── DATA SECTION

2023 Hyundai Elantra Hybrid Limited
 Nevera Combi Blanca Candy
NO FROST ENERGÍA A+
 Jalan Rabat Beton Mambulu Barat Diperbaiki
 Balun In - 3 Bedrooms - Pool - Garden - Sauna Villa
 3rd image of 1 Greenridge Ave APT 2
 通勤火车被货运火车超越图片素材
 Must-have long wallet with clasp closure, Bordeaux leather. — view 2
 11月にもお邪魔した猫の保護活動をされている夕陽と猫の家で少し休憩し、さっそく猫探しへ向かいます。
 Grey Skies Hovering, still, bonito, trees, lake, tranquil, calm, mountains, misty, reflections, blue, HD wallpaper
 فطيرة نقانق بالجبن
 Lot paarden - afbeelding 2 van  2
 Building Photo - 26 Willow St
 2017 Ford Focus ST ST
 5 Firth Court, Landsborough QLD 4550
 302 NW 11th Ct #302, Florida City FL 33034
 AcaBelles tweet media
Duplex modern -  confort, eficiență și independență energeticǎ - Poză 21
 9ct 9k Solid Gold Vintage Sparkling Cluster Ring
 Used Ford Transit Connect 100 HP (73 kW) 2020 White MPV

────

WORK INSTRUCTIONS: Write out the material above exactly, please, from its first line up to and including the line where "通勤火车被货运火车超越图片素材" appears, and stop there.

EXERCISE ANSWER:
2023 Hyundai Elantra Hybrid Limited
 Nevera Combi Blanca Candy
NO FROST ENERGÍA A+
 Jalan Rabat Beton Mambulu Barat Diperbaiki
 Balun In - 3 Bedrooms - Pool - Garden - Sauna Villa
 3rd image of 1 Greenridge Ave APT 2
 通勤火车被货运火车超越图片素材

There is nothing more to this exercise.